### TASK PROMPT
Looking at the entries below, state how many lines contain the word "Chapter". Give the number alone.

=-=-=

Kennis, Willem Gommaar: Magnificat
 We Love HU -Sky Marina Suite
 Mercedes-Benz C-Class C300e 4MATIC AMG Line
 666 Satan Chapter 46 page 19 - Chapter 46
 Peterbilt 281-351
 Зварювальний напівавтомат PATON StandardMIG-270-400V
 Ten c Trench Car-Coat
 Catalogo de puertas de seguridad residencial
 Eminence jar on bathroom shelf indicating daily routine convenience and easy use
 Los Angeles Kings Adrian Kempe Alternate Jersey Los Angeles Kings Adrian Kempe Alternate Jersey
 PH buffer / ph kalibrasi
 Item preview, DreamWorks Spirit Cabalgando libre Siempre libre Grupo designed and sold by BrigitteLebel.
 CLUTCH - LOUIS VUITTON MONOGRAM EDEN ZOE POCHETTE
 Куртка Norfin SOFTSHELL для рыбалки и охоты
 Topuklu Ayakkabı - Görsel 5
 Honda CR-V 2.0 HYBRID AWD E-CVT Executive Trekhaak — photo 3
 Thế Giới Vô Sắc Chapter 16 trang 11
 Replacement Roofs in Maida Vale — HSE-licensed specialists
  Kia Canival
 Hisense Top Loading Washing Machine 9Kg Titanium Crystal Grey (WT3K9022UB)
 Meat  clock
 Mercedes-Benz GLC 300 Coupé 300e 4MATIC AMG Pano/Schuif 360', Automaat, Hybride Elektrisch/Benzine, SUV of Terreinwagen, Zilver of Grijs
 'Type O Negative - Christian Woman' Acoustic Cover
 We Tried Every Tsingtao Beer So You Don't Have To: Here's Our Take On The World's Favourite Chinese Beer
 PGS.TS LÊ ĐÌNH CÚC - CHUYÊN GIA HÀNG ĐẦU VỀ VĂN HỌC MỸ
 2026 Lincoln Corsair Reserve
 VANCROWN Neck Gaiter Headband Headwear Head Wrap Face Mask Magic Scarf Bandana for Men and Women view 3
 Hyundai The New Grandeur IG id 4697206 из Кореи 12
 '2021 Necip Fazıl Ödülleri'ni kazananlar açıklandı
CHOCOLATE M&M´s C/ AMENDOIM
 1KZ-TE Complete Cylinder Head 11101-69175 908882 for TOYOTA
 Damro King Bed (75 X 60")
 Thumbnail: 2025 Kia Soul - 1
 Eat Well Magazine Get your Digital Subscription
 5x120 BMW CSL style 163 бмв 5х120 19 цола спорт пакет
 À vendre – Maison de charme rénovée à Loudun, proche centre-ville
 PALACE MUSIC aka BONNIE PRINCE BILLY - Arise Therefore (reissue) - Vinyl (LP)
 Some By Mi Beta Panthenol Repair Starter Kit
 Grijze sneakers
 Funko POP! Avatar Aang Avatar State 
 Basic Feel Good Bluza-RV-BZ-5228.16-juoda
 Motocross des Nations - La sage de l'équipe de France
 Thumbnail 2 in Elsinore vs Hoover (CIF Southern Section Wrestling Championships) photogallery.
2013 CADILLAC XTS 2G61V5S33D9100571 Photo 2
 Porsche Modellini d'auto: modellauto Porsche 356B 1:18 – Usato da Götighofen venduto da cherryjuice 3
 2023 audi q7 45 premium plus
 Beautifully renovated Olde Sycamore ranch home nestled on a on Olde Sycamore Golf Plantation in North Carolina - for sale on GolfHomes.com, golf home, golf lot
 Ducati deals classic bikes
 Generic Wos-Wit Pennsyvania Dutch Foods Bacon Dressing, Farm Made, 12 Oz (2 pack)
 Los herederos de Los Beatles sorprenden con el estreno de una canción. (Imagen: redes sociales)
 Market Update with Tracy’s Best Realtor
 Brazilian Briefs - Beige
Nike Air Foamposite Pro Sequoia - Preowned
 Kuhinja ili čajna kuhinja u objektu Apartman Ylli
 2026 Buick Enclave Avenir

=-=-=

### ANSWER TO THIS TASK
2